Festifall is here, and that means one of two things, depending on your outlook: It could mean the Diag has become an intraversable morass with strangers blocking all major intersections, free candy flying at your head and enough science-fair boards to give you a middle school flashback. But from where I’m standing, Festifall is a world of opportunities, especially arts opportunities. And you owe it to yourself to get involved if you have any interest whatsoever.

While students can elect to fill creative expression requirements, the University doesn’t mandate that we take arts classes, which is definitely for the better. If you put someone in an arts class who doesn’t want to be there, they’ll bring everyone down. But while you don’t have to get involved in the arts, that doesn’t mean you shouldn’t. You really really should, for realsies. There are so many arts groups on campus showing themselves off on the Diag today that you’re almost guaranteed to find something you’ll like. And trust me, it’s worth the time to get involved, even if you’re a freshman taking college-level classes for the first time and intimidated by the time pressure. Nay, especially if you fit that description.

In my freshman year, one of my East Quad neighbors recommended that I join the Glee Club after hearing choir music emanating from my speakers. When I first auditioned, I was super excited, and then ecstatic to actually be allowed to join the group. During the first few weeks, I kept leaving my dorm way earlier than needed and got to rehearsal before anyone else, just because I couldn’t wait to be singing with the dudes. Over time, my departures got later and later, and the time commitment wore on me. The workload of my classes was picking up and rehearsals were at night. Nights are for screwing around on the Internet, or, if you’re my parents, homework.

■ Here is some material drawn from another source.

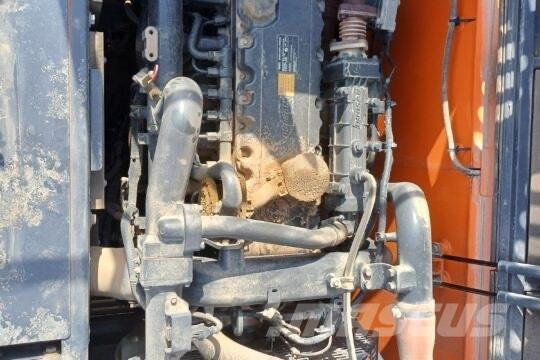 Develon DX225LC-5 Escavatori cingolati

But each time I got to rehearsal, I forgot any misgivings about joining Glee Club. As soon as that first piano key was struck to begin warm-ups, I was in a whole different mindset. And that’s the influence of the arts. Whatever is stressing you out — and believe me newbies, many things will stress you out — doing something artistic you really care about can make it all go away, if only for a short while. Whether you want to break dance or hip-hop dance or ballet dance or contemporary dance or ice dance or ice carve or sing a cappella or sing classical or act in plays or act in musicals or knit, something at Festifall will pique your interest. And even if you don’t have the time or crowd-maneuvering patience to deal with Festifall, do some independent research on Maize Pages and find your ideal group. I’m not going to quote random studies or pull data out of my ass to tell you that doing something artistic every so often will help you manage college. I’m just going to say it worked for me, and if you let it, it will work for you.

But maybe participating in the arts just absolutely, positively isn’t for you. I won’t hold that against you. Arts activities aren’t for everyone, and if you aren’t enjoying them, they’re pointless. Still, I don’t think there’s a single one of you who can honestly say, except in a hipster-ironic way, “I don’t like movies, music or visual art.” So make an effort to experience something artsy. Preferably see a local band or a University performance or art exhibit. Or go see a show at The Ark or Blind Pig. You could start out attending a digital music performance, try taking a class, and before you know it you’re a Performing Arts Technology major. Or if you’re not quite that inspired, it will make you seem indie and mysterious at parties. But I predict the arts will do you wonders.

Art affects everyone in different ways because it serves so many purposes. Art can make you think, raise awareness for social issues or simply be a form of self-expression. But a lot of art exists solely to make you happy, and a lot of people seem to forget about that in the bustle of the college transition. Even jaded seniors who know the ins and outs of the University probably haven’t heard of more than a third of the arts groups on campus, which could be easily fixed with a little stroll through the Diag today. The new year is a chance to reinvent yourself. When you do, make the arts a little part of your life. It will make you a happier person.